A paper based on my some work I did with colleagues in the ESRC Centre for Population Change was published in the the Population Trends. We fitted a range of time series models (including some volatility models) to population change data for England and Wales, calculated the posterior model probabilities and then projected from the model averaged posterior predictive distributions. We found our volatility models were heavily supported. Our median matches very closely the Office of National Statistics mid scenario. It’s a tad surprising that projections based on forecasts of a single annual growth rate per year give a similar forecast to the ONS cohort component projection which are based on hundreds of future age-sex specific fertility, mortality and net migration rates. The ONS do not provide any form probabilistic uncertainty, instead the give a expert based high and low scenario, which roughly calibrated to our 50% prediction interval in 2033. I ran all the models in BUGS and did the fan chart plots in R.

Publication Details:

Abel, G.J., Bijak, J. and Raymer J. (2010).
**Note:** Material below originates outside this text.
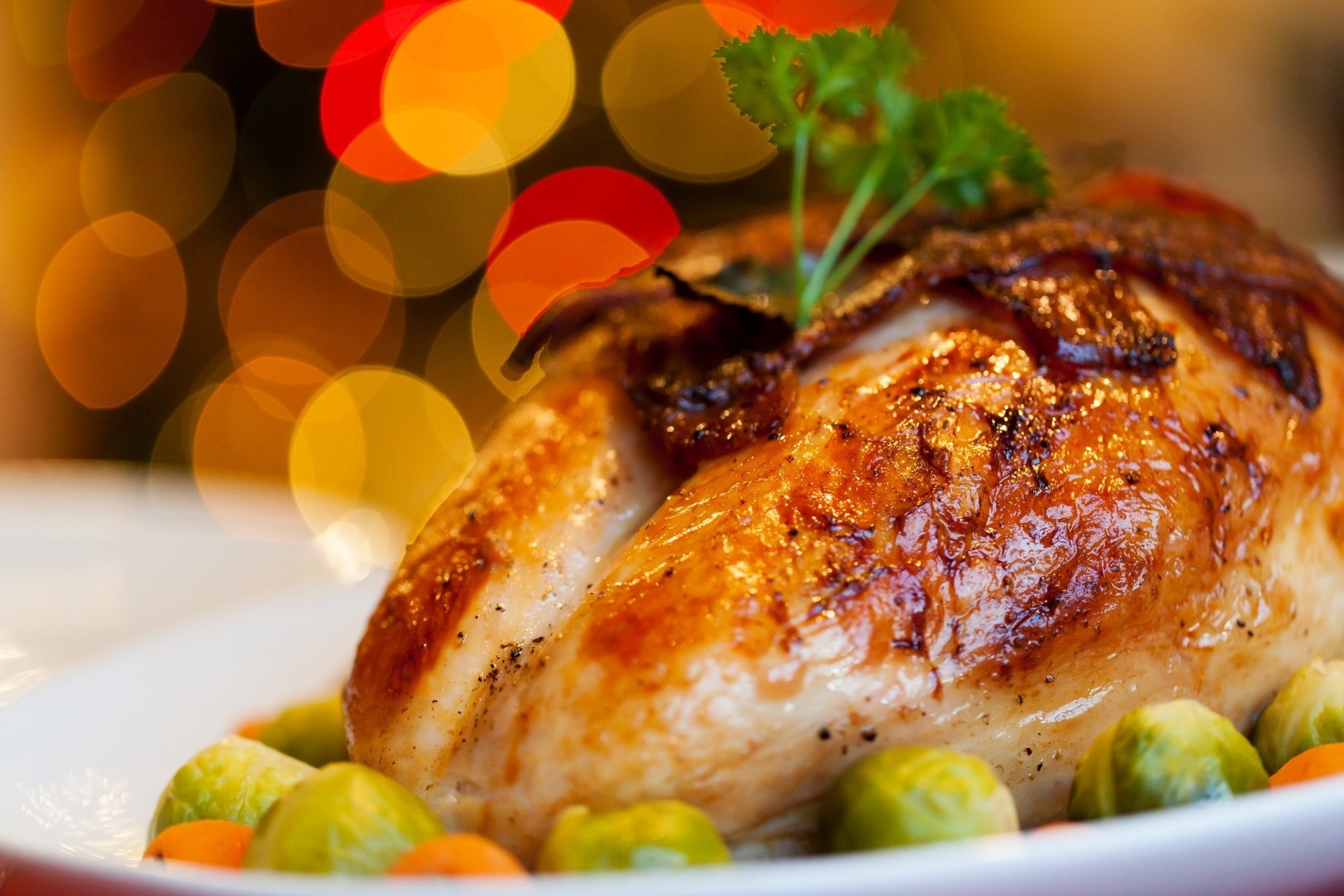 Thanksgiving Dinner - for Youth Transitioning Out of Foster Care – North County Lifeline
A comparison of official population projections with Bayesian time series forecasts for England and Wales. Population Trends, 141, 95–114.
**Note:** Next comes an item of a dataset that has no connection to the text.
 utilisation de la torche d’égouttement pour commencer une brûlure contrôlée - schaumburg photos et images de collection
We compare official population projections with Bayesian time series forecasts for England and Wales. The Bayesian approach allows the integration of uncertainty in the data, models and model parameters in a coherent and consistent manner. Bayesian methodology for time-series forecasting is introduced, including autoregressive (AR) and stochastic volatility (SV) models. These models are then fitted to a historical time series of data from 1841 to 2007 and used to predict future population totals to 2033. These results are compared to the most recent projections produced by the Office for National Statistics. Sensitivity analyses are then performed to test the effect of changes in the prior uncertainty for a single parameter. Finally, in-sample forecasts are compared with actual population and previous official projections. The article ends with some conclusions and recommendations for future work.